Exercise objective:
Pull out of the data below the stretch of lines bounded by the one containing "xịt khử mùi giày dép blake chai 100ml" and the one containing "Men's Nike Oakland", both bounds included, unchanged.

BEGIN Entries supplied

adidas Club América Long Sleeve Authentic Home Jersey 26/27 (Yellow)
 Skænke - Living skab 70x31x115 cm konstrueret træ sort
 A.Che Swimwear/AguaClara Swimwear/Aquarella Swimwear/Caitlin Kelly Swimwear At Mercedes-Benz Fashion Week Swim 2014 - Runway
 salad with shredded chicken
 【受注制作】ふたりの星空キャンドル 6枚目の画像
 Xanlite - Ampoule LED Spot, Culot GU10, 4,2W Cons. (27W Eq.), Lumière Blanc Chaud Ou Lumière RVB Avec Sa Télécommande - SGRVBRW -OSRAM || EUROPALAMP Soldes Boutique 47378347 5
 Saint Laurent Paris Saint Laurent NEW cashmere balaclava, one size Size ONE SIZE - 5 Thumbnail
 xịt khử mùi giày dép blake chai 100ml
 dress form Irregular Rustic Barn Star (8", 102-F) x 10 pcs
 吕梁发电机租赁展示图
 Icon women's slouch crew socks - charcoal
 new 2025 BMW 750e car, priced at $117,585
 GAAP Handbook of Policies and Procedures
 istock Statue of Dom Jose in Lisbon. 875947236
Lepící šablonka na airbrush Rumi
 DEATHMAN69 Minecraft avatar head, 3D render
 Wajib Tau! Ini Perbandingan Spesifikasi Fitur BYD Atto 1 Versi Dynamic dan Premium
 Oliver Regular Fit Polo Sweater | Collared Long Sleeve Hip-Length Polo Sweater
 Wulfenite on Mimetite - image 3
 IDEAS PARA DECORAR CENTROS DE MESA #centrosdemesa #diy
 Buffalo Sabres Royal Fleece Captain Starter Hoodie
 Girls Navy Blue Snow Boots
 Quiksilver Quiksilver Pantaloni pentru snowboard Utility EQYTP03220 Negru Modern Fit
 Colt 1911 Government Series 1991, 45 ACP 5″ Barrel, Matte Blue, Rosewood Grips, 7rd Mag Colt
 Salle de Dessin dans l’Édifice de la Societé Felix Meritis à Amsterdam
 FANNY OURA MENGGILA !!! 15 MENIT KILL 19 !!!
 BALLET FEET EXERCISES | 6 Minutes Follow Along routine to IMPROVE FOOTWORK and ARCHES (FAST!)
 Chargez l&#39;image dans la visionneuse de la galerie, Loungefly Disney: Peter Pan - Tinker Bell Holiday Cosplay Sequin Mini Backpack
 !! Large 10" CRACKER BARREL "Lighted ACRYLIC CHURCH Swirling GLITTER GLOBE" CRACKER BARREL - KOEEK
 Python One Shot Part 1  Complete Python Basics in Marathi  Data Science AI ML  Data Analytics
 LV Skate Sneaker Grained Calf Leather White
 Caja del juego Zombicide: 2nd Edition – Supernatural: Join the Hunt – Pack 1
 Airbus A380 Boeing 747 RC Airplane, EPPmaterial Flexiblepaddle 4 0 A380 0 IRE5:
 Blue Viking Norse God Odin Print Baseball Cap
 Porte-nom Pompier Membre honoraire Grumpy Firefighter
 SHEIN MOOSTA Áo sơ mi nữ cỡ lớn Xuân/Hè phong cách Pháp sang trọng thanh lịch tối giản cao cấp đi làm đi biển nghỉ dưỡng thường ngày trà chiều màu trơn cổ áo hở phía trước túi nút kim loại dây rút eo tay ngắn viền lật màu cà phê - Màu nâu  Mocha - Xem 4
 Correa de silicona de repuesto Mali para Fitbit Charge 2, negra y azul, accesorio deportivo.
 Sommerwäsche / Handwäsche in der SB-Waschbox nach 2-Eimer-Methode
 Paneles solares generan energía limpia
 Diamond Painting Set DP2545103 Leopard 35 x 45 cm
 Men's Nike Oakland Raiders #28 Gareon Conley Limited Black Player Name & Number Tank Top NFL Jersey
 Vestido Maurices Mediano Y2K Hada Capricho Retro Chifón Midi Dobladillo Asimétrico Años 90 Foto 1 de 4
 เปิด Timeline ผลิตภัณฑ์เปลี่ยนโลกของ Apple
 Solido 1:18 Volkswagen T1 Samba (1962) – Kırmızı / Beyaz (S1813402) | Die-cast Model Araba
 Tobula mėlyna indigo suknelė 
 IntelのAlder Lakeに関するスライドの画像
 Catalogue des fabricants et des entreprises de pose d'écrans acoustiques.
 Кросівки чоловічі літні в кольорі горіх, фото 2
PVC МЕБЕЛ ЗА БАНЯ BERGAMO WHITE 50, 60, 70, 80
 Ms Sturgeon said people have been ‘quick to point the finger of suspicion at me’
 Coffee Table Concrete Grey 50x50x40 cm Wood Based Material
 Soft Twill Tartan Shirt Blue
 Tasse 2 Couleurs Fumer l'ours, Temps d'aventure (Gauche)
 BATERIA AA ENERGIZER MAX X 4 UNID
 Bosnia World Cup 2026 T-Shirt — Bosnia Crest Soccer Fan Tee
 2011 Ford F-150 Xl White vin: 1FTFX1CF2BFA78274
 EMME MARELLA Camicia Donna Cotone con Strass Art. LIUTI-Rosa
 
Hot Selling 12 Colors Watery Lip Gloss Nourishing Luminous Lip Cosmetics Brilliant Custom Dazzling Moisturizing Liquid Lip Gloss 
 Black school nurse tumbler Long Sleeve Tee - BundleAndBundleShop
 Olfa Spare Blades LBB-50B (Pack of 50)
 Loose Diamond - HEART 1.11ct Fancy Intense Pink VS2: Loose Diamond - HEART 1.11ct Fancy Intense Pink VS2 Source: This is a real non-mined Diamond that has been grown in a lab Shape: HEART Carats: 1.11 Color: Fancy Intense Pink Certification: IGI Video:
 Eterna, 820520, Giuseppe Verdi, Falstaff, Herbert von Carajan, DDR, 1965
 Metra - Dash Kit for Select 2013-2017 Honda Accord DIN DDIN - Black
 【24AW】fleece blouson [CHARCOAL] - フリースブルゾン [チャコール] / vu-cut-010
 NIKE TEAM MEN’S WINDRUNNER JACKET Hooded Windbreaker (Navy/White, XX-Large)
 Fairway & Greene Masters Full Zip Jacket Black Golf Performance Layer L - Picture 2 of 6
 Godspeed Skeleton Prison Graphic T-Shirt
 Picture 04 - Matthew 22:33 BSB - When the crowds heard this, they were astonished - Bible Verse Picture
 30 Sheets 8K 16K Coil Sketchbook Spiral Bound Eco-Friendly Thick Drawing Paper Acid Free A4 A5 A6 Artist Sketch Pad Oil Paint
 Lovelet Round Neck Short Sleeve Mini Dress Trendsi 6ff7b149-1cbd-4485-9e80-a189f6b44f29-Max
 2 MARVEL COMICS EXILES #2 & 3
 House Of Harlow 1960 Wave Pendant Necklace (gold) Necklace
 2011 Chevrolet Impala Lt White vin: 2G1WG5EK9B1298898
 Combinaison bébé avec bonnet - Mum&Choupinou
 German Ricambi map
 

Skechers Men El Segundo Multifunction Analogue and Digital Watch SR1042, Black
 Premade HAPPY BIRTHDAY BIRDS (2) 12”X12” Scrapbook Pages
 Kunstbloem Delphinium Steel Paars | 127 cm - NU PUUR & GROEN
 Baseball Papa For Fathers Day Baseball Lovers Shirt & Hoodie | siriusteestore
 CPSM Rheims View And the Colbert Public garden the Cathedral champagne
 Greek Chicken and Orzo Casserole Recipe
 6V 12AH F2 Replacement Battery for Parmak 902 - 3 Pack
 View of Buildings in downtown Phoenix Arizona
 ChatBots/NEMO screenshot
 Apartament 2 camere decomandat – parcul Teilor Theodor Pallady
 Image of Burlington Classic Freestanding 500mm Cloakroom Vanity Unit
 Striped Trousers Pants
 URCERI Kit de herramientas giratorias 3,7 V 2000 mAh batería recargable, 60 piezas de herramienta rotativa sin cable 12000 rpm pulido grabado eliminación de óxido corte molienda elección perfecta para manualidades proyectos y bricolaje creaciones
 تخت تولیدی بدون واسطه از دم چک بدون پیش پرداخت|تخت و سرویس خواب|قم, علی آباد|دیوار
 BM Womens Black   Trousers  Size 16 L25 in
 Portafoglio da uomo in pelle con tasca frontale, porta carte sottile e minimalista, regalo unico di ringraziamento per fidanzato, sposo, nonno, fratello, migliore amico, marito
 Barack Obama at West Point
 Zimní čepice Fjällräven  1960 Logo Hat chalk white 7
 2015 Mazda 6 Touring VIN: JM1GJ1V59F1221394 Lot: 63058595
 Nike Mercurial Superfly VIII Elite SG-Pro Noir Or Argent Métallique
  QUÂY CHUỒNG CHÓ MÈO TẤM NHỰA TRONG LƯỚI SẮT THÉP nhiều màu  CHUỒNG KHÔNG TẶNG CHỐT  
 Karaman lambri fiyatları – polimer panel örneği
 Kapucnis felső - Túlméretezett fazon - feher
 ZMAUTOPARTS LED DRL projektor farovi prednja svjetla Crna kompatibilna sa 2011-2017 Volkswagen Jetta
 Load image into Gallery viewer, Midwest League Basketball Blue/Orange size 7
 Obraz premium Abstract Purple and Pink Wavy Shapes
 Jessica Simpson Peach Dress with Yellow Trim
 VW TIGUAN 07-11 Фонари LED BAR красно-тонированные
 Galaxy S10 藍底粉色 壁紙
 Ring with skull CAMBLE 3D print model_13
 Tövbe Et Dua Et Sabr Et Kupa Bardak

END Entries supplied

Output:
 xịt khử mùi giày dép blake chai 100ml
 dress form Irregular Rustic Barn Star (8", 102-F) x 10 pcs
 吕梁发电机租赁展示图
 Icon women's slouch crew socks - charcoal
 new 2025 BMW 750e car, priced at $117,585
 GAAP Handbook of Policies and Procedures
 istock Statue of Dom Jose in Lisbon. 875947236
Lepící šablonka na airbrush Rumi
 DEATHMAN69 Minecraft avatar head, 3D render
 Wajib Tau! Ini Perbandingan Spesifikasi Fitur BYD Atto 1 Versi Dynamic dan Premium
 Oliver Regular Fit Polo Sweater | Collared Long Sleeve Hip-Length Polo Sweater
 Wulfenite on Mimetite - image 3
 IDEAS PARA DECORAR CENTROS DE MESA #centrosdemesa #diy
 Buffalo Sabres Royal Fleece Captain Starter Hoodie
 Girls Navy Blue Snow Boots
 Quiksilver Quiksilver Pantaloni pentru snowboard Utility EQYTP03220 Negru Modern Fit
 Colt 1911 Government Series 1991, 45 ACP 5″ Barrel, Matte Blue, Rosewood Grips, 7rd Mag Colt
 Salle de Dessin dans l’Édifice de la Societé Felix Meritis à Amsterdam
 FANNY OURA MENGGILA !!! 15 MENIT KILL 19 !!!
 BALLET FEET EXERCISES | 6 Minutes Follow Along routine to IMPROVE FOOTWORK and ARCHES (FAST!)
 Chargez l&#39;image dans la visionneuse de la galerie, Loungefly Disney: Peter Pan - Tinker Bell Holiday Cosplay Sequin Mini Backpack
 !! Large 10" CRACKER BARREL "Lighted ACRYLIC CHURCH Swirling GLITTER GLOBE" CRACKER BARREL - KOEEK
 Python One Shot Part 1  Complete Python Basics in Marathi  Data Science AI ML  Data Analytics
 LV Skate Sneaker Grained Calf Leather White
 Caja del juego Zombicide: 2nd Edition – Supernatural: Join the Hunt – Pack 1
 Airbus A380 Boeing 747 RC Airplane, EPPmaterial Flexiblepaddle 4 0 A380 0 IRE5:
 Blue Viking Norse God Odin Print Baseball Cap
 Porte-nom Pompier Membre honoraire Grumpy Firefighter
 SHEIN MOOSTA Áo sơ mi nữ cỡ lớn Xuân/Hè phong cách Pháp sang trọng thanh lịch tối giản cao cấp đi làm đi biển nghỉ dưỡng thường ngày trà chiều màu trơn cổ áo hở phía trước túi nút kim loại dây rút eo tay ngắn viền lật màu cà phê - Màu nâu  Mocha - Xem 4
 Correa de silicona de repuesto Mali para Fitbit Charge 2, negra y azul, accesorio deportivo.
 Sommerwäsche / Handwäsche in der SB-Waschbox nach 2-Eimer-Methode
 Paneles solares generan energía limpia
 Diamond Painting Set DP2545103 Leopard 35 x 45 cm
 Men's Nike Oakland Raiders #28 Gareon Conley Limited Black Player Name & Number Tank Top NFL Jersey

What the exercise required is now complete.